INPUT MATERIAL:
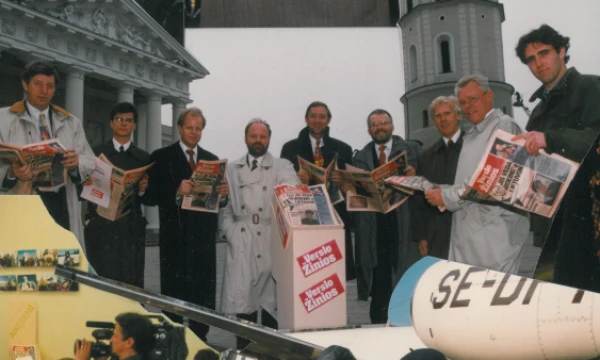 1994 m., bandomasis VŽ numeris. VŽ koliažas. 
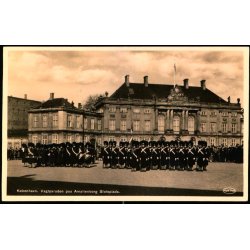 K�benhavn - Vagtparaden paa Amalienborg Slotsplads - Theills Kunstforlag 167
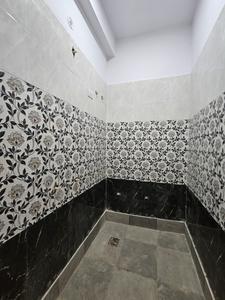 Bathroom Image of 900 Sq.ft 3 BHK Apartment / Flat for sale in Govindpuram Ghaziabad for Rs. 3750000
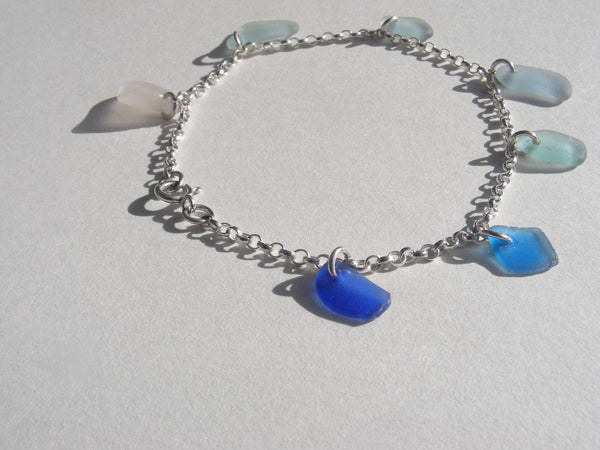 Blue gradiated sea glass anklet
---
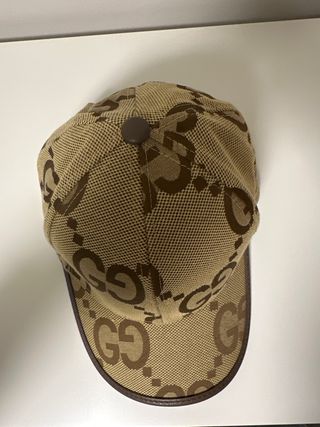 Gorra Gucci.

WORK TO BE COMPLETED: Output exactly the lines above, from the line with "Bathroom Image of" to the line with "Blue gradiated sea glass anklet", both included; skip the pictures.

ANSWER TO THIS EXERCISE:
 Bathroom Image of 900 Sq.ft 3 BHK Apartment / Flat for sale in Govindpuram Ghaziabad for Rs. 3750000
 Blue gradiated sea glass anklet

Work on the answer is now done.